Mind you, the founders did design the Judiciary to be independent of politics and to rule on the constitutionality of laws and presidential policies. That’s why federal judges and Supreme Court justices were given lifetime appoints during ‘periods of good behavior.’ But clearly even the process of selecting federal judges has become politicized. Presidents do not nominate candidates for the federal bench who do not share his political ideology; similarly, the Senate votes to confirm or deny those nominees based on who controls the chamber at the time. And Congress does not hold federal judges accountable, as in ever.
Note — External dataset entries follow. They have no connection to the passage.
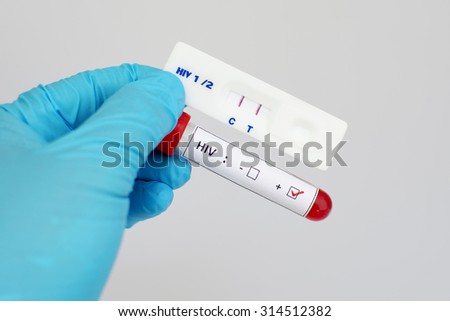 HIV testing by using test cassette, the result showed positive (double red line)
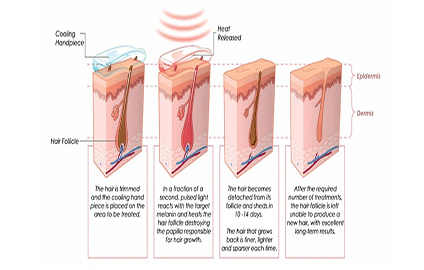 Muilt-Function IPL Diode Laser Permanent Hair Removal Machine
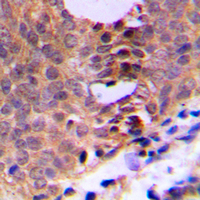 CDK1 / CDC2 Antibody - Immunohistochemical analysis of CDC2 (pT161) staining in human breast cancer formalin fixed paraffin embedded tissue section. The section was pre-treated using heat mediated antigen retrieval with sodium citrate buffer (pH 6.0). The section was then incubated with the antibody at room temperature and detected using an HRP conjugated compact polymer system. DAB was used as the chromogen. The section was then counterstained with hematoxylin and mounted with DPX.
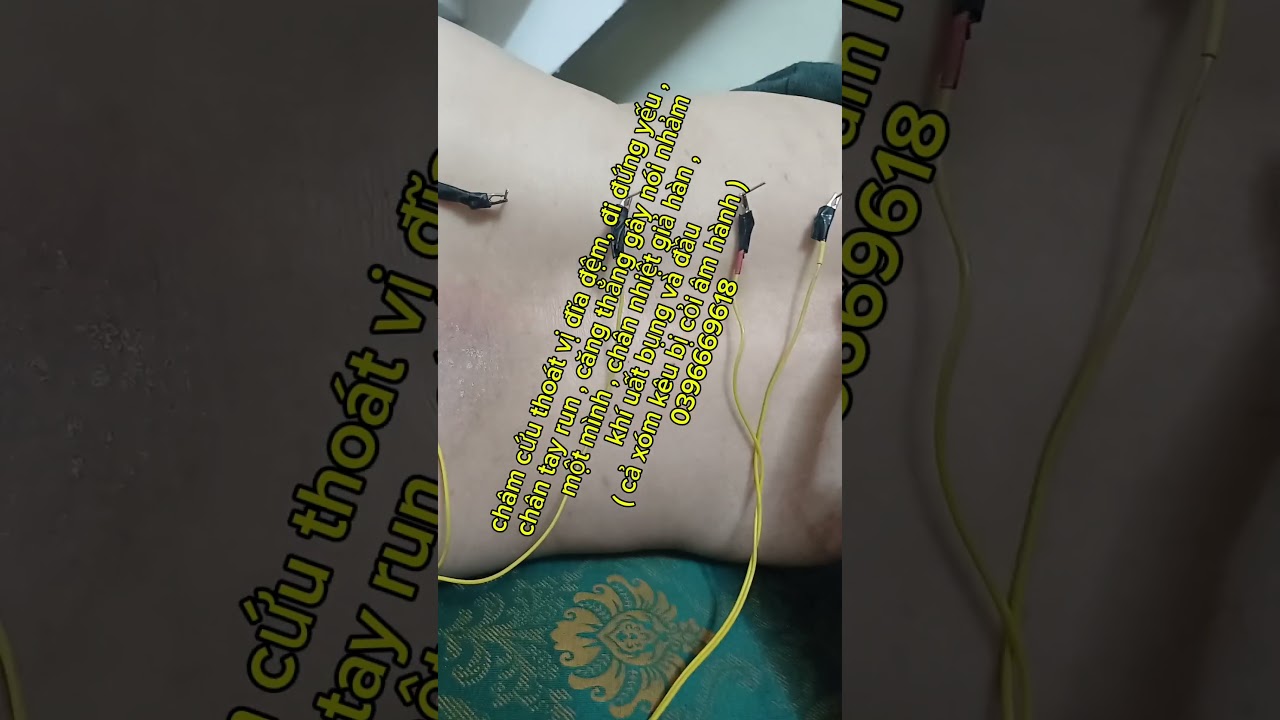 #chamcuu #giachoi #nanchinhcotsong #tacdongcotsong #suynhuoccothe #thankinhsuynhuoc #thoatvidiadem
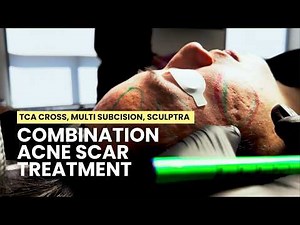 How to Treat Deep Acne Scars: TCA Cross, Subcision, Excision, CO2 Laser, Erbium Laser, Sculptra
This politicization of the federal bench has led to several egregious rulings that have little to do with current law or constitutional provisions and everything to do with differences in ideology.
— Early in the president’s tenure, he was blocked by activist federal judges in the Ninth Circuit — one of the most overturned of all circuits — when he attempted to do what President Obama did: Ban travel into the U.S. from some terrorist-sponsoring countries. Eventually, the U.S. Supreme Court overturned these rulings, as they should have.
— Trump is routinely being flouted by federal courts over his attempts to enforce immigration law and secure the border. As Hans A. Von Spakovsky, a senior legal fellow at the Heritage Foundation, noted in April, a highly politicized Obama appointee, Judge Richard Seeborg (Ninth Circuit) issued a nationwide injunction against the Trump administration’s effort to implement a new “remain in Mexico” asylum policy. Administrations were given this statutory authority by Congress under 8 U.S.C. §1225 (b)(2)(C). (Related: Trump may have to invoke ‘Insurrection Act’ to protect the country after another Obama judge blocks his border wall construction.)
Speaking of nationwide injunctions, Bruce Thornton explained in FrontPage Magazine in May:
Vice President Pence announced recently that the Trump administration is finally pushing back against activist judges in Federal District Courts who issue nationwide injunctions against lawful executive policies on issues like immigration.
It’s about time. The federal judiciary has been transformed into an all-powerful branch of government filled with political appointees who decide cases based on ideology, not constitutional and statutory authority as they are supposed to do.